Activist hedge funds and other investors will have far less time to disclose when they amass significant stakes in companies under a new rule from the Securities and Exchange Commission.
The SEC will give fund managers just five days, compared with the prior requirement of 10 days, to report they’ve bought up 5% or more of a company’s stock. The regulations are intended to give other investors more transparency, the agency said in a statement Tuesday.
“In our fast-paced markets, it shouldn’t take 10 days for the public to learn about an attempt to change or influence control of a public company,” SEC Chair Gary Gensler said in the statement.
Hedge funds have raised concerns that the new rules would hurt their ability to hold corporate boards and executives accountable and push for changes to business strategies.
The final rule didn’t include a proposal that could have forced more investors to disclose beneficial ownership as a group, if one of them told others about plans to acquire significant shares in a company. That proposal drew heavy fire from the private-funds industry, which said it would chill investor activism.
Instead, the rule clarifies the existing legal standards rest on whether investors act in concert to potentially trigger a reporting requirement.
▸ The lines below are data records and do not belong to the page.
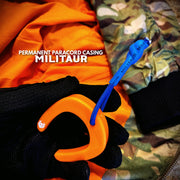militaur door stop with blue paracord heat shrink tube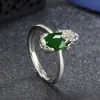 Celebridade da Internet Transmissão ao Vivo Estilo Étnico Anel Pixiu Banhado a Ouro Branco Crisoprásio Design Criativo Anel Pixiu Inlaid Calcedônia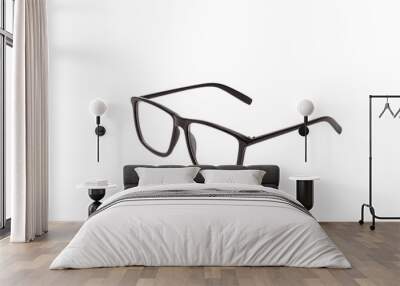 Stylish black plastic eyeglasses with transparent background, perspective view Wall mural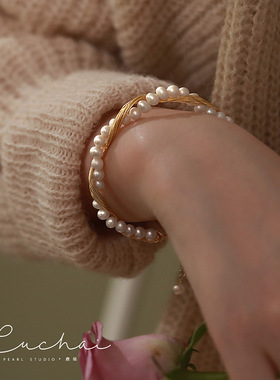 缘绘凤仪 铜镀金缠绕款淡水珍珠心手链ins小众设计高级感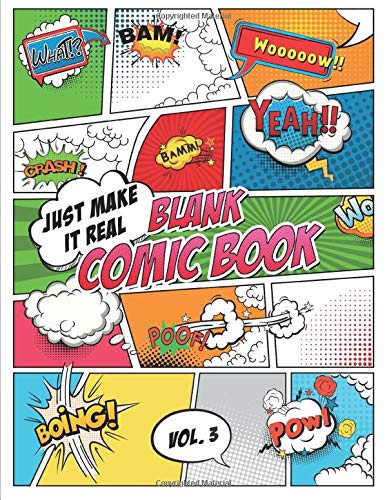 Blank Comic Book Just make it Real: Check Pattern in Look Inside feature! - Large (8.5 x 11 inches) - 120 Sketchbook Paper – 60 Sheets -- Gre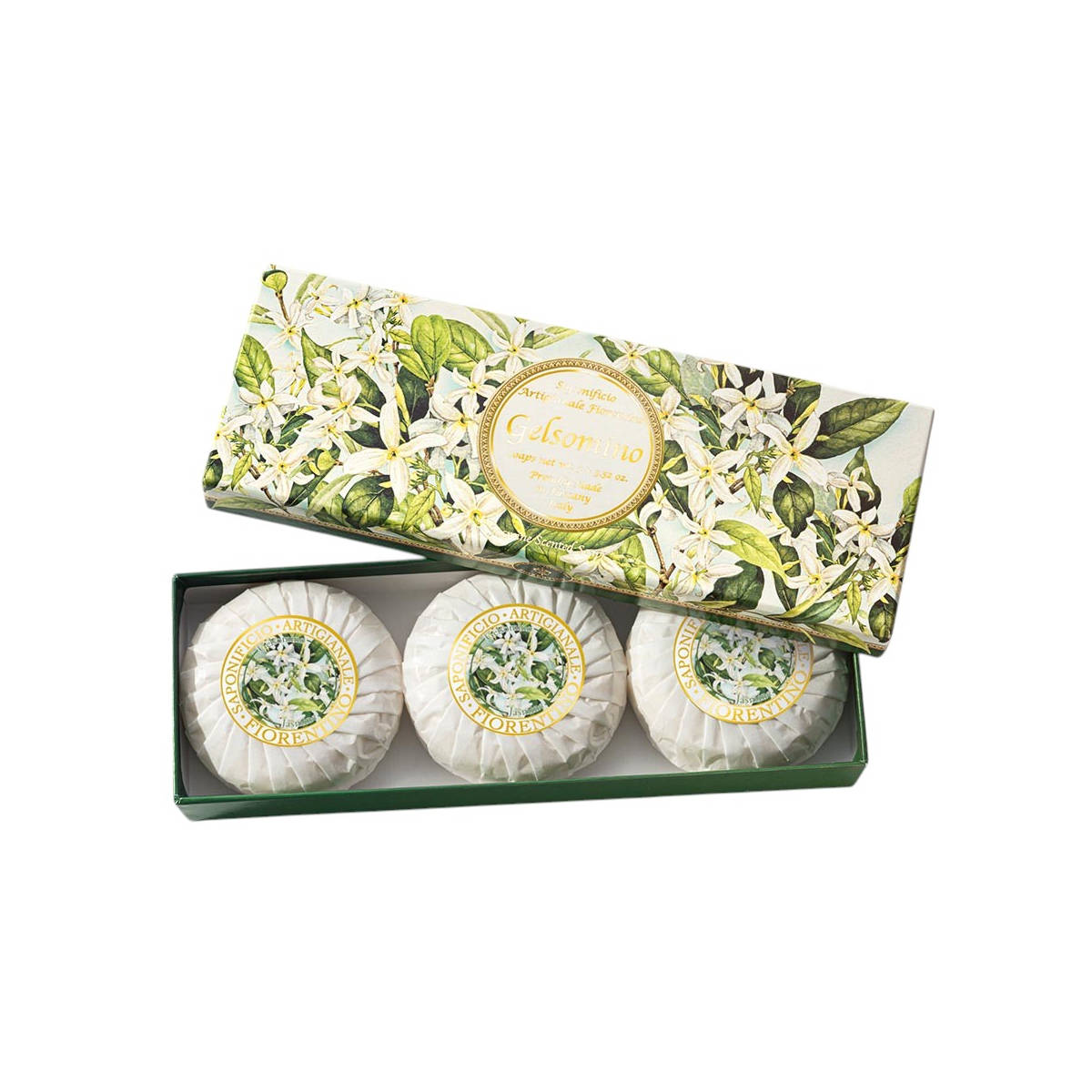 Saponificio Artigianale Fiorentino Jasmine Boxed Soap Round (Set of 3) | Minimax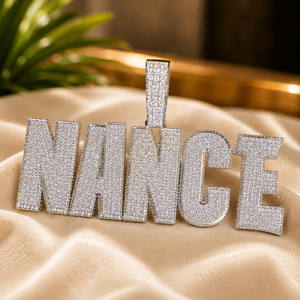 <b>Custom</b> Letter <b>Name</b> Pendant <b>Necklace</b> 925 Silver and Gold Plated Moissanite Initials Charm for Party Gift - Product Image 3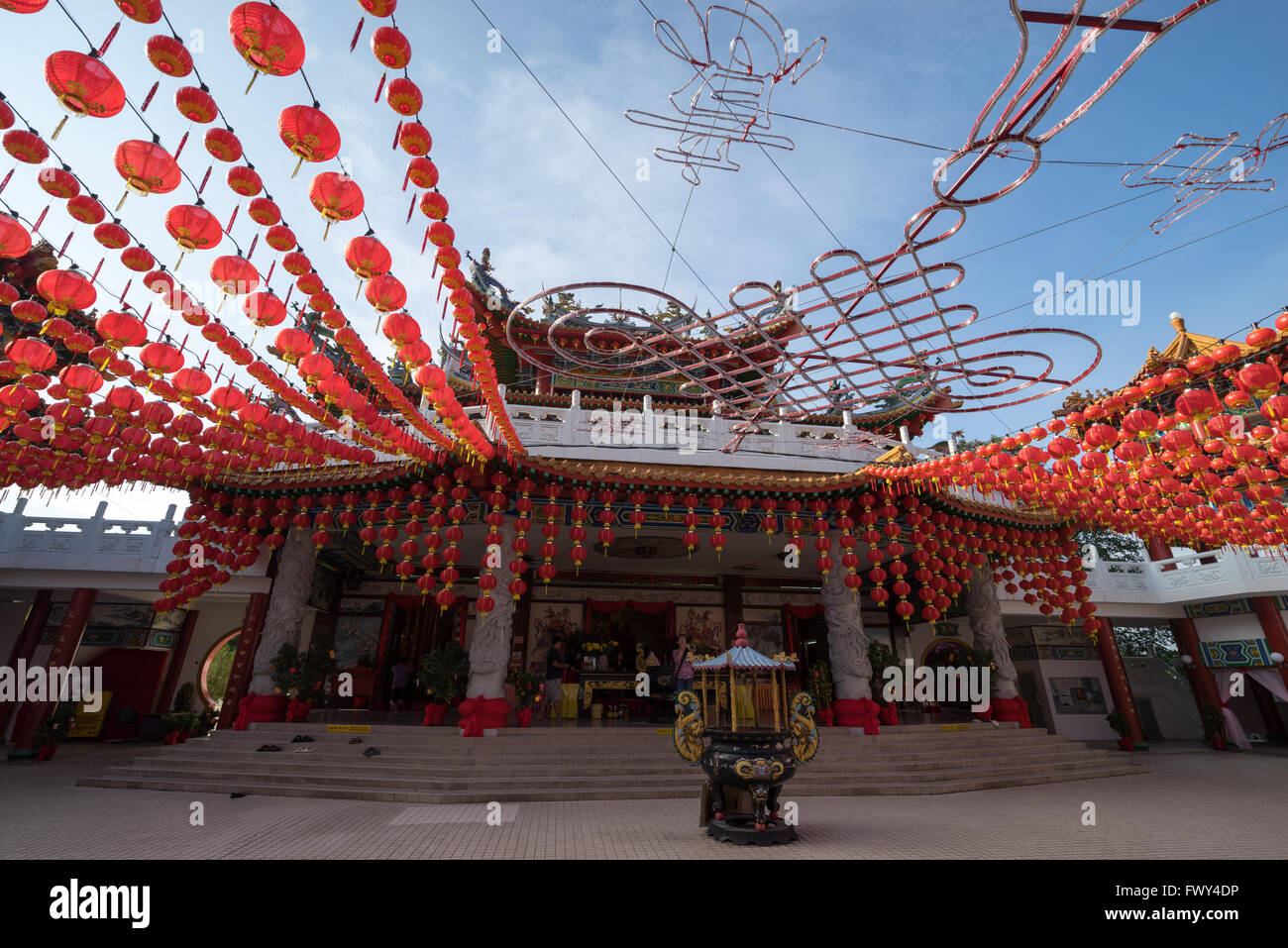 Thean Hou Temple decorated with traditional lanterns in Chinese New ...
The final rule also clarifies when certain derivatives count toward the 5% threshold for triggering reporting requirements.
The new requirements will go into effect for some filers 90 days after publication in the Federal Register, the SEC said.
Bryan Corbett, president and chief executive officer of the Managed Funds Association, a trade group representing hedge funds and private equity firms, said the group remained concerned with accelerating the disclosures. He also took issue with some aspects of the rule that relate to cash-settled derivative securities.